7–50

A “Nuclear Umbrella” for Ukraine? Precedents and Possibilities for Postwar European Security

Matthew Evangelista, Cornell University

Whatever the outcome of the Russo-Ukrainian War, in its wake Ukraine will need to choose a security policy to defend its sovereignty from future threats. Its choice holds implications for broader European security. Some observers advocate Ukraine becoming a member in the North Atlantic Treaty Organization (NATO), thereby gaining protection from the U.S. “nuclear umbrella.” Others doubt the effectiveness of “extended nuclear deterrence”—the threat of U.S. nuclear retaliation for attacks, including those carried out with conventional armed forces, on an ally's territory. But nuclear deterrence was never put to the test in Cold War Europe, and today extended nuclear deterrence is an unreliable and risky approach to Russian aggression. An examination of the role of nuclear deterrence during the 1961 Berlin Crisis demonstrates that Soviet military strategy against U.S. nuclear weapons posed the risk of escalation. In vulnerable NATO territories, such as the Estonian city of Narva, such a risk still exists.
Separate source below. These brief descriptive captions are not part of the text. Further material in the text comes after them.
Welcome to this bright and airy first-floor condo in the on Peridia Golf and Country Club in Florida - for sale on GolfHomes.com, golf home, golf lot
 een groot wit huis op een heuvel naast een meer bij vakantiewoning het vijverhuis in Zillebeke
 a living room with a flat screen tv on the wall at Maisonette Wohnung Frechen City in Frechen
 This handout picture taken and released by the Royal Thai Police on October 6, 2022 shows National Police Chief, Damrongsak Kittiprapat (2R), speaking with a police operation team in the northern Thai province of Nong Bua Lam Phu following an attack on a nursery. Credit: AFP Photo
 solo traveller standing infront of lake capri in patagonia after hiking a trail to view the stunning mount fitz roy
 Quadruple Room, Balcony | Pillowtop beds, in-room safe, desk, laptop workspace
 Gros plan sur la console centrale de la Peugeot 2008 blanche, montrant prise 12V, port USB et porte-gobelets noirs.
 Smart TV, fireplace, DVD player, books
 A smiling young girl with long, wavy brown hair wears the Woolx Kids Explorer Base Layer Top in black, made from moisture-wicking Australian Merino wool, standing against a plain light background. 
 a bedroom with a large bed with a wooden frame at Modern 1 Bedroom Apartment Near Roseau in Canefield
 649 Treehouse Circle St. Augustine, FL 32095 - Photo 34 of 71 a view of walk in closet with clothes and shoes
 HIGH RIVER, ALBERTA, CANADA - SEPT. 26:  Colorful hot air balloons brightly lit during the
A Cold War–era alternative to nuclear deterrence offers the possibility of a non-nuclear defense for Ukraine. Proposals such as the “spider in the web” strategy draw on concepts of the security dilemma and non-offensive, confidence-building defense to provide for Ukrainian security in a Europe threatened by Russian expansion, without relying on the threat of nuclear war.

51–85

We All Fall Down: The Dismantling of the Warsaw Pact and the End of the Cold War in Eastern Europe

Simon Miles, Duke University

Using new evidence from Czech, German, Hungarian, Polish, and Romanian archives, a reconstruction of Eastern European diplomacy at the end of the Cold War shows that it was not just the superpowers that shaped events during this pivotal period: the non-Soviet members of the Warsaw Pact also had agency. From 1989 to 1991, these states recognized that the world was changing and that their relationship with the Soviet Union, codified in the Warsaw Pact politico-military alliance, would impede their success in the post–Cold War world. Eastern European policymakers resolved to destroy the Warsaw Pact that bound them to the Soviet Union, and they decided to align with Western Europe. They also sought to exclude the Soviet Union from the European security architecture, including the Conference on Security and Co-operation in Europe. They sought security and wanted to hedge against a hard-line takeover in the Soviet Union; but their primary aim was to reap the West's economic benefits.

86–128

Foreign Intervention and Internal Displacement: Urban Politics in Postwar Beirut

Amanda Rizkallah, Pepperdine University

Uneven democratization is a common yet poorly understood legacy of civil war. In the aftermath of the Lebanese Civil War (1975–1990), wartime processes of displacement interacted with Syria's intervention to transform local postwar political orders. In Beirut's suburbs, the bonds built between armed actors and displaced populations created opportunities for displaced people to extract responsiveness from local institutions, despite their vulnerability. But the power of displaced populations in their host community hinges on the fate of the locally dominant armed actor. If the armed actor is an ally of the intervening power, it can maintain political control over its strongholds, marginalizing traditional local elites while empowering its core constituents, displaced people. By contrast, if an armed actor is repressed by the intervening power, the ensuing power vacuum creates an opportunity for pluralistic party politics to emerge. Traditional prewar elites reassert their role in local political life, empowering their core constituents, the prewar residents. Drawing on dozens of in-depth interviews with key informants in the suburbs of postwar Beirut, the findings show how displacement transformed localities in ways that transcend religious identity. Over 80,000 people have been displaced from southern Lebanon because of fighting since October 7, 2023. If Hezbollah provides services and security to these displaced persons, the current conflict will strengthen Hezbollah's grip on the south of Lebanon when the displaced populations return, or further consolidate its influence in those localities in south Lebanon where displaced populations settle.

129–167

Reining in Rebellion: The Decline of Political Violence in South America, 1830–1929

Raúl L. Madrid, University of Texas at Austin, and Luis L. Schenoni, University College London

During the nineteenth century, South America was plagued by internal rebellions that destabilized the region's economies and political systems. At the beginning of the twentieth century, however, levels of political violence throughout the region declined dramatically. Existing scholarship has paid surprisingly little attention to this historic transformation, in part because comprehensive data on revolts have been lacking. Historical narratives and an analysis of a comprehensive new dataset on all revolts in South America from 1830 to 1929 show that the decline in revolts stemmed in large part from the expansion and professionalization of the region's militaries, which were driven by the export boom and the threat of interstate conflict. Nevertheless, not all types of rebellions declined precipitously during this period, as an original typology of revolts shows. Although the strengthening of the region's armed forces discouraged revolts by non-state actors, it did not significantly reduce rebellions from within the state apparatus, such as military coups.